Ask the camera to stop all ongoing camera movement.

{
  "ApiVersion": "1.0",
  "type": "request",
  "method": "ptzMoveStop"
}
Key Type Description or schema
ApiVersion string API version
type string "request"
method string "ptzMoveStop"

Move

Ask the camera to move home or one step in a specific direction.

{
  "ApiVersion": "1.0",
  "type": "request",
  "method": "ptzMove",
  "params": {
    "direction": "..."
  }
}
Key Type Description or schema
ApiVersion string API version
type string "request"
method string "ptzMove"
params object command parameters
direction string ["home", "upLeft", "up", "upRight", "left", "right", "downLeft", "down", "downRight", "zoomIn", "zoomOut"]

Get presets

Ask the camera to return defined presets.

Request
{
  "ApiVersion": "1.0",
  "type": "request",
  "method": "getPresets"
}
Key Type Description or schema
ApiVersion string API version
type string "request"
method string "getPresets"
Response
{
  "ApiVersion": "1.0",
  "type": "response",
  "method": "getPresets",
  "success": true,
  "data": [
    {
      "presetName": "...",
      "presetId": "..."
    }
  ]
}
Key Type Description or schema
ApiVersion string API version
type string "response"
method string "getPresets"
data array response data
presetName string preset name
presetId string "format": "uuid" (GUID)

Goto presets

Ask camera to move to the preset.

{
  "ApiVersion": "1.0",
  "type": "request",
  "method": "goToPresets",
  "params": {
    "presetId": "..."
  }
}
Key Type Description or schema
ApiVersion string API version
type string "request"
method string "goToPresets"
params object command parameters
presetId string "format": "uuid" (GUID)

Set Aux

Ask camera to activate or deactivate an AUX output.

{
  "ApiVersion": "1.0",
  "type": "request",
  "method": "setAux",
  "params": {
    "on": true,
    "auxNumber": 3
  }
}
Key Type Description or schema
ApiVersion string API version
type string "request"
method string "setAux"
params object command parameters
on boolean new AUX output state
auxNumber integer AUX output number

Limitations and workarounds

WebRTC connection on a local network uses mDNS

To prevent private IP addresses from leaking from a local network when running WebRTC applications, modern browsers by default send mDNS (multicast DNS) addresses as ICE candidates to the signaling server.

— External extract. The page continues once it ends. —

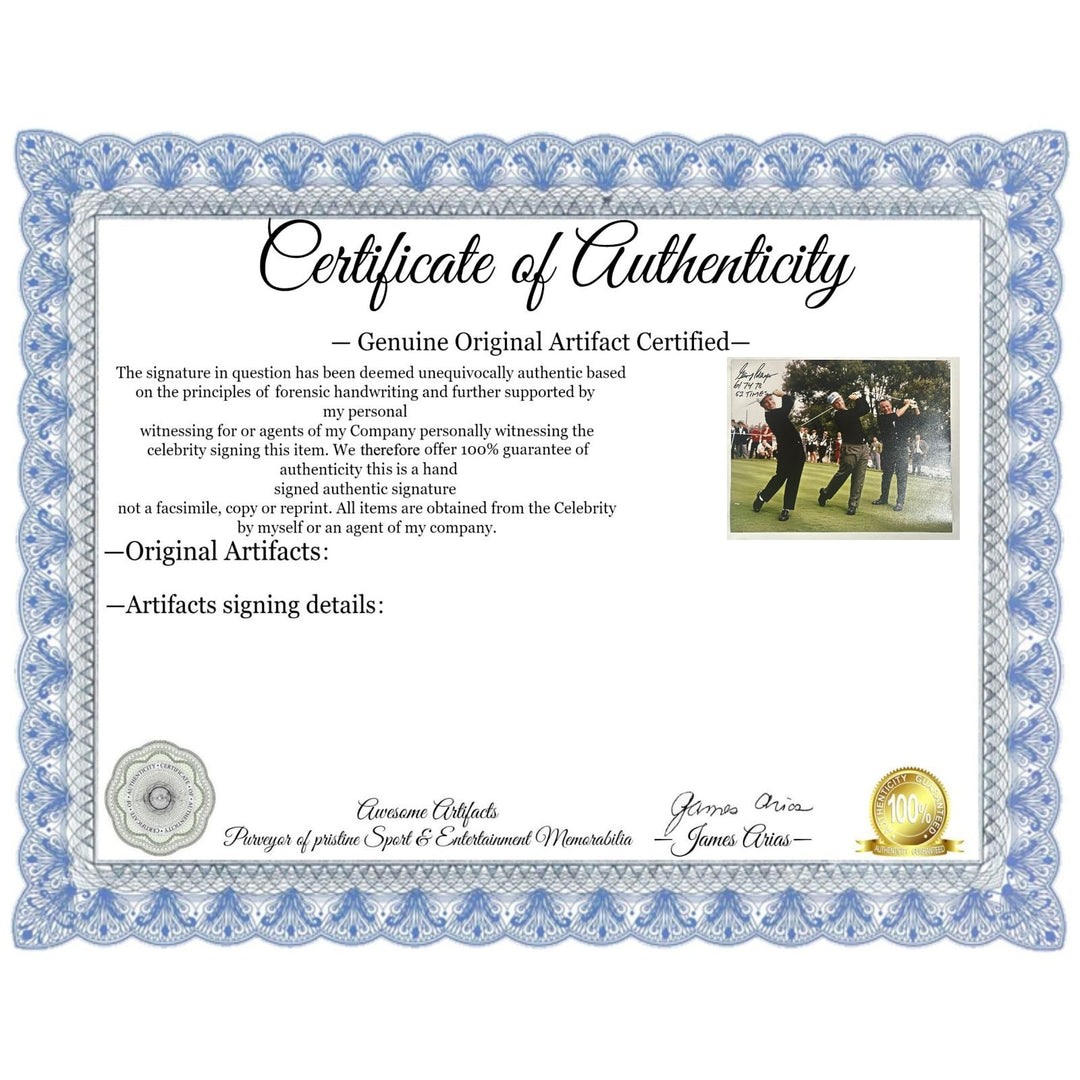 Jack Nicklaus Arnold Palmer Gary Player signed with Masters win inscriptions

API Gateway support for mDNS

The signaling server running in the API Gateway supports resolving mDNS addresses when running on a Windows version with native support for mDNS. Native support for mDNS was introduced in Windows version 1809 (October 2018) or later, and is available in any recently updated Windows Server 2019 or Windows 10 installations, and all Windows Server 2022 and Windows 11 installations.

WebRTC connections across routers in a local network

mDNS relies on multicast which by default will not pass through routers. This means that in enterprise environments, mDNS will fail in many cases:

The signaling server running in the API Gateway supports a workaround for connections across routers on a local network. The signaling server will attempt to get the client’s local IP network address from X-Forwarded-For and Remote_Addr headers in the HTTP request and use that to add an ICE Candidate with higher priority than the ICE Candidate with the mDNS address. This will not work in all cases; on some networks, X-Forwarded-For is removed and Remote_Addr will not contain the local IP address of client.

Disable browser mDNS support

As a last resort, you can try disabling browser mDNS support to force the browser to reveal the local IP network address in WebRTC connections.

In Chromium-based browsers, mDNS support can be disabled by opening chrome://flags or edge://flags and setting Anonymize local IPs exposed by WebRTC to Disabled.